In 535 he was sent to Rome, as legate of a great African national synod of two hundred and seventeen bishops, to consult Pope Agapetus I (535-6) about a number of questions (Harduin, II, 1154; Mansi, VIII, 808). Like most north Africans he was vehemently opposed to Justinian's edict against the "Three Chapters" (544). He was frequently employed by the African bishops as their ambassador in the disputes that arose from that question. "Tired with the fatigue of traveling, and resting the mind a little from temporal cares" (according to the introduction to his book), he used his leisure to compose a summary history of the two great heresies of the preceding century. His object in writing it was avowedly to show how misjudged the emperor's condemnation of the Three Chapters was. The work is called Breviarium causae Nestorianorum et Eutychianorum ("A Short Account of the Affair of the Nestorians and Eutychians"), most often simply the Breviarium of Liberatus.

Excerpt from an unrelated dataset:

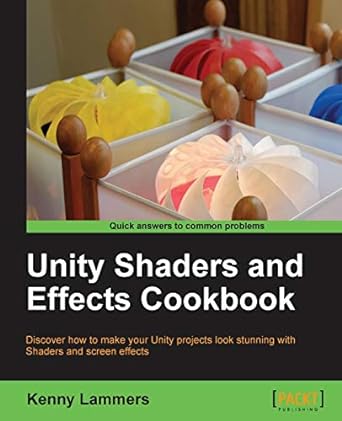 unity shaders and effects cookbook 1st edition kenny lammers 1849695083, 978-1849695084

The Breviarium begins with the ordination of Nestorius (428) and ends with the Fifth Ecumenical Council. From the fact that the author mentions Patriarch Theodosius I of Alexandria as being still alive, it is evident that it was written before 567, the year that Theodosius died. On the other hand, Liberatus records the death of Pope Vigilius (June 555). His authorities are the Historia tripartita of Cassiodorus, acts of synods, and letters of contemporary Fathers. In spite of Liberatus's controversial purpose and his indignation against Monophysites and all of those involved in the condemnation of the Three Chapters, his short history is well and fairly written. It forms an important document for the history of these movements.